#### Source material

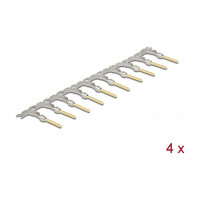 Crimp-Kontakte für D-Sub Crimp Stecker 40 Stück
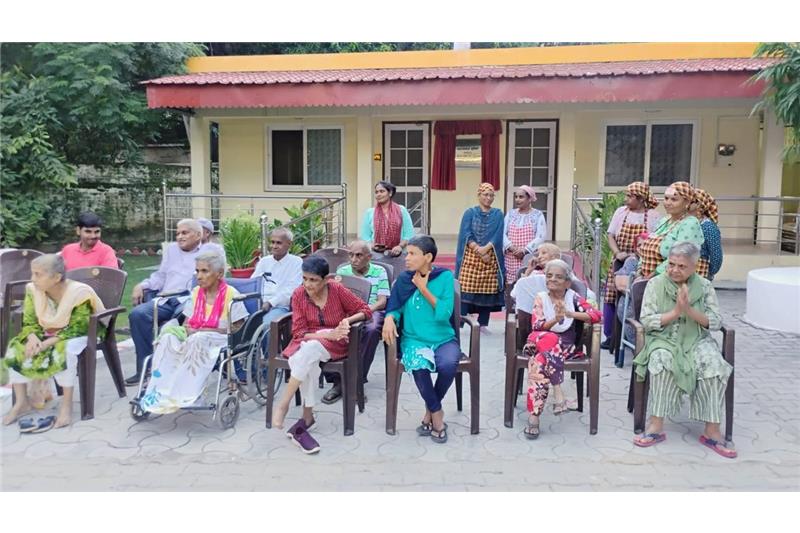 Lord Krishna Janmashtami has been celebrated at Cheshire Home on 26 Aug  2024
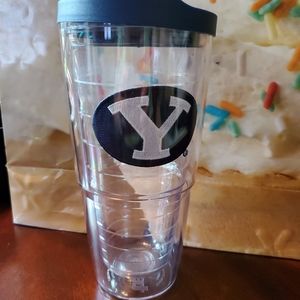 TERVIS BYU TUMBLER 24oz With Lid monogram BYU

#### Exercise goal
Copy out the data above exactly, except the pictures.

#### Your response
 Crimp-Kontakte für D-Sub Crimp Stecker 40 Stück
 Lord Krishna Janmashtami has been celebrated at Cheshire Home on 26 Aug  2024
 TERVIS BYU TUMBLER 24oz With Lid monogram BYU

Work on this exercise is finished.